Hundreds of steganography tools already exist for making images which can be shared on any medium where recompression is not an issue (http://www.jjtc.com/Steganography/tools.html). In this case I wanted to provide a simple user experience and also handle Facebook's recompression specifically.

In the future this tool could be extended to other sites which recompress images when they're uploaded although it would certainly be a more confusing user experience.


I suspect it was the technical challenge involved. If he did it for other clients or email, he may not have had to support JPEG re-compression which is both technically difficult and necessary for Facebook compatibility.


Why not make it proper open source so it's not necessary to extract code from the PDF?

I'd like to use this from the command-line.

Thanks.


Excellent reference implementation of a covert communication channel. Well done.


What problem does this solve?


Encryption provides the ability to communicate without any intercepter being able to read the content. In many cases this is fine, but in some cases using encryption software is enough to incriminate you (e.g. spies).

Hence steganography means that not only can your messages not be decoded, they can't be detected.

Specifically, this extension's innovation is allowing steganography on walled gardens such as Facebook which recompress images after uploading them.


I understand what steganography is, but what does this solve? Why would you want to send encrypted messages in a photo across facebook?

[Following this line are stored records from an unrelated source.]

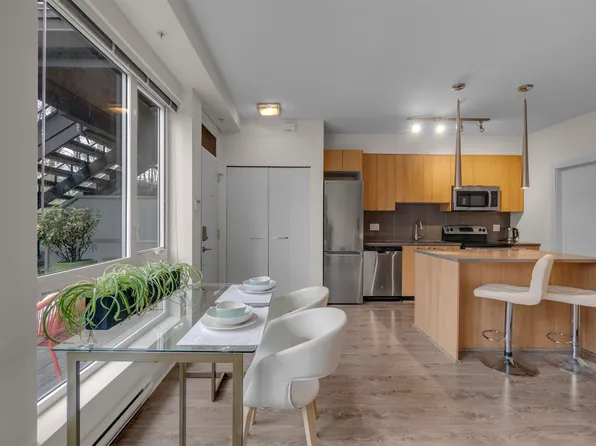 735 W 15th St #103, North Vancouver, BC V7L 2S5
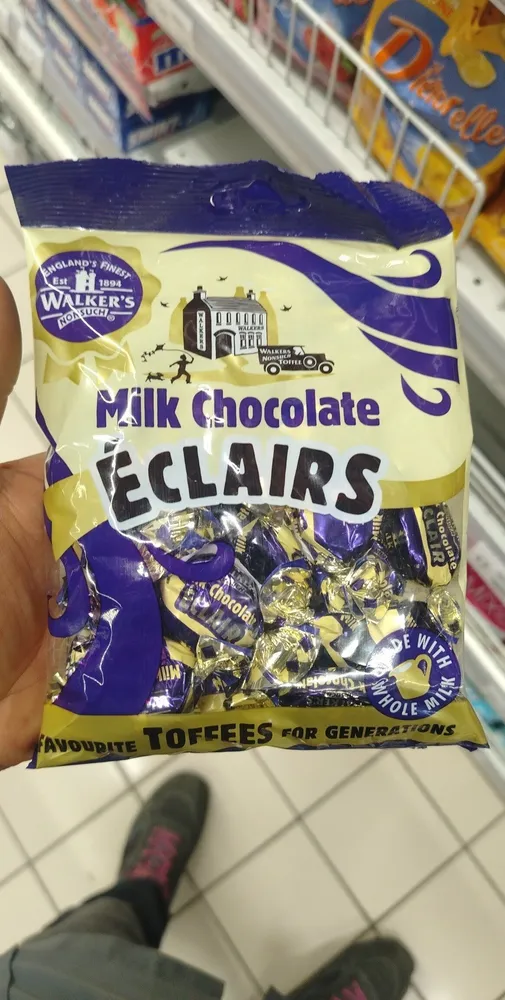 Milk chocolate Eclairs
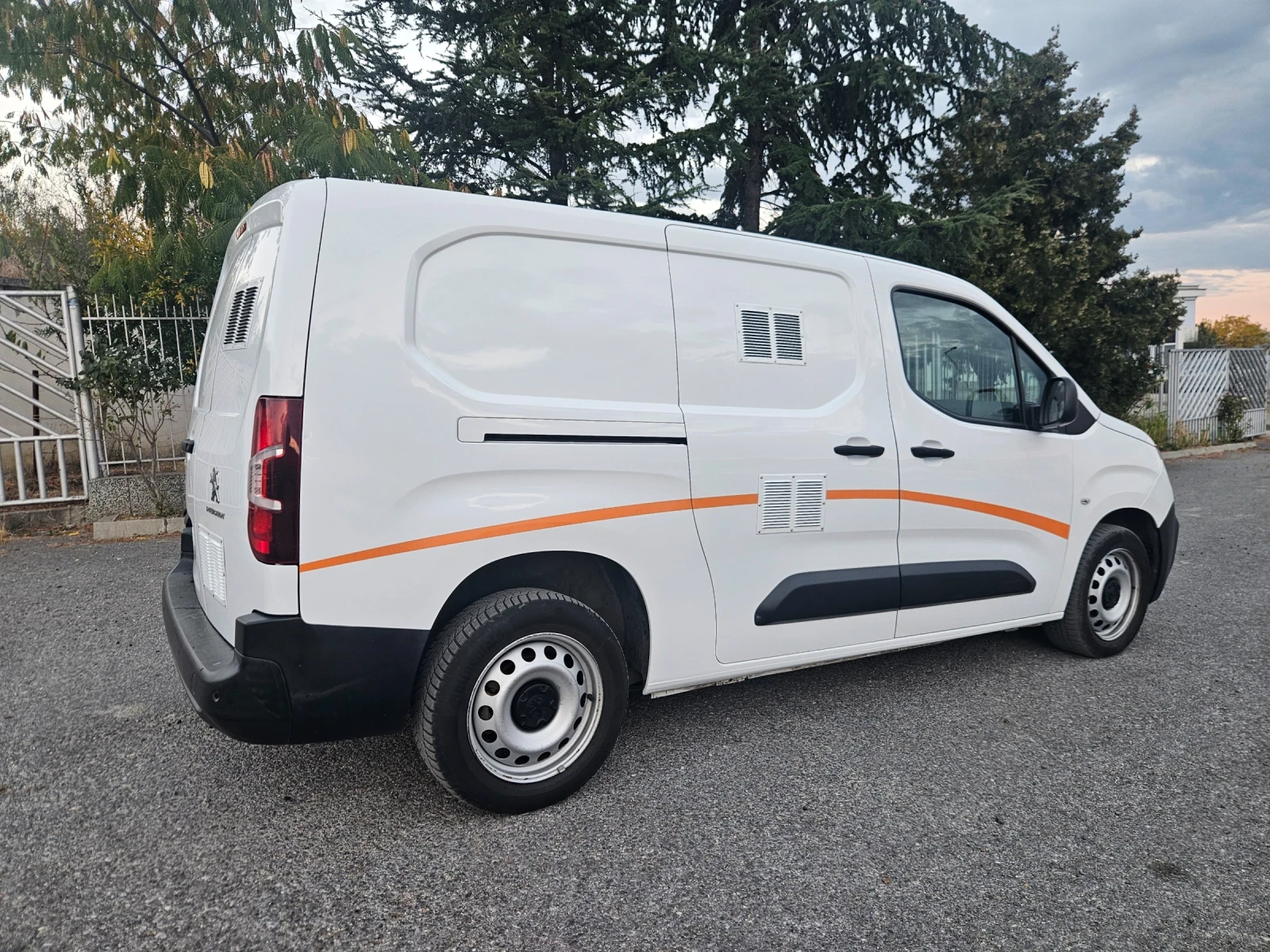 Peugeot Partner Макси  база, снимка 2 - Бусове и автобуси - 56619146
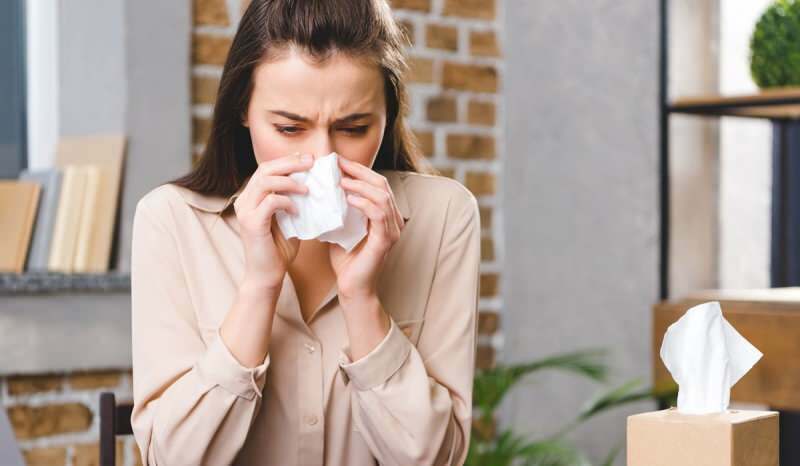 Цурење из носа јавља се и код алергијске очне грознице.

It just seems really inefficient way of sending an encrypted message.


The way I answered the same question when developing a similar extension (http://umshade.it) is that these proof-of-concept cryptography-related attempts might result in paving new paradigms for user-friendly flows for securing messages. If there were tools readily available for the layperson, maybe one would reconsider what they submit online (or so I hope)


I don't see a message in the Before or After picture examples. Where is it?


The message is hidden secretly by making very slight changes to the image. When used on Facebook you can receive the secret messages while looking at an image by pressing ctrl+alt+a. That example is just to show approximately how the new image will look compared to the old one.


The whole point is that the message isn't visible, and it's impossible to be able to tell if there even is a message.

The message is encoded in the image by very slightly changing the values of pixels (or some similar method). The message is only revealed with the browser extension


It's not necessarily impossible to detect that there is a message - there are plenty of ways to detect them. The challenge is being able to extract the message without access to the steganography algorithme used, and the passphrase (which could be bruce forced once you have access to the method used to hide/extract - which is a whole other challenge).


The whole point of steganography is to make it impossible to detect that a message is included.

Some people can encrypt their messages and send that encrypted message.

But for some people, in some oppressive regime, encrypting a message and sending it will result in torture. Those people not only have to encrypt the message, they have to hide the encrypted message.

Unfortunately there are very many proof of concept steganography sysems which demonstrate a concept. ("Let's alter the least significant bits in this gif image to hide a message.") These are usually trivially easy to detect, and often easy to disrupt.

This PoC is nice in that it avoids a common disruption - recompression of images - but it's still a proof of concept.

Since it's from Oxford I would have liked to see some kind of Chaffinch integration, and some discussion of how much cover text you need to make the steganographic text hard to find.

EDIT: Whoops! Sorry about Oxford / Cambridge mixup. I've left my mistake in place.


OP here. You're precisely correct, the goal of this project was to demonstrate a PoC of a steganography algorithm which can avoid JPEG recompression and is hence suitable for use in walled gardens such as Facebook.

Also, Chaffinch is a Cambridge project so <sarcasm>naturally not worth integrating with.</sarcasm> But really, this was a single term's undergraduate research project so scope for such integration was thoroughly out of the question.